My first book was Realism, Utopia, and the Mushroom Cloud: Four Activist Intellectuals and Their Strategies for Peace, 1945-1989 (U. of Chicago Press, 1993).
How have the fearsome weapons of the nuclear age changed the rules of international politics? Can cooperation gradually come to replace coercion as an instrument of international security? This book compares the careers of four intellectuals who grappled with these questions — four dissidents who shared a revulsion for the nuclear “balance of terror” but who possessed sharply divergent visions of a post-Cold War peace.
Louise Weiss, a French journalist and Realpolitiker, believed that only a third military superpower — a “United States of Europe” — could break the Cold War impasse.

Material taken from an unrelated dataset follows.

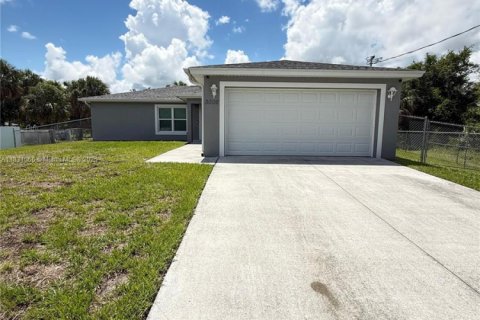House in LaBelle, Florida 3 bedrooms № 1807093 - photo 2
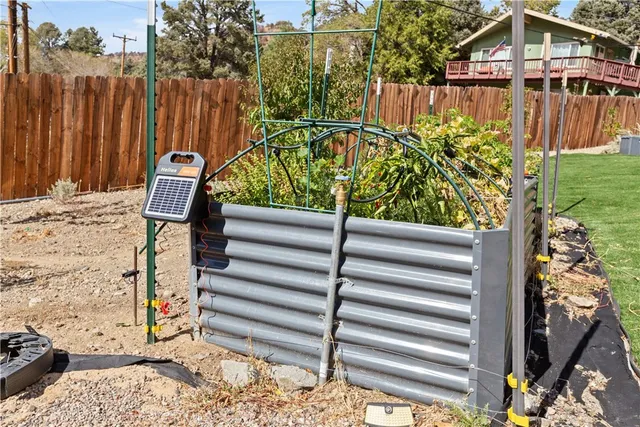 $779,000 | 6284 Apple Vista Drive, Wrightwood, CA 92397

Leo Szilard, a Hungarian physicist and father of the atomic bomb, spent the last two decades of his life prodding the Soviets and Americans toward cooperative diplomacy.
E.P. Thompson, a British historian, mobilized millions in the campaign for European Nuclear Disarmament.
Danilo Dolci, an Italian poet, worked in mafia-ridden Sicily experimenting with methods of nonviolent conflict resolution that he hoped would prove effective globally.
By comparing the ideals, the triumphs, and the failures of these activists, this book illuminates the problematic boundary between “realism” and “utopianism” in the nuclear age.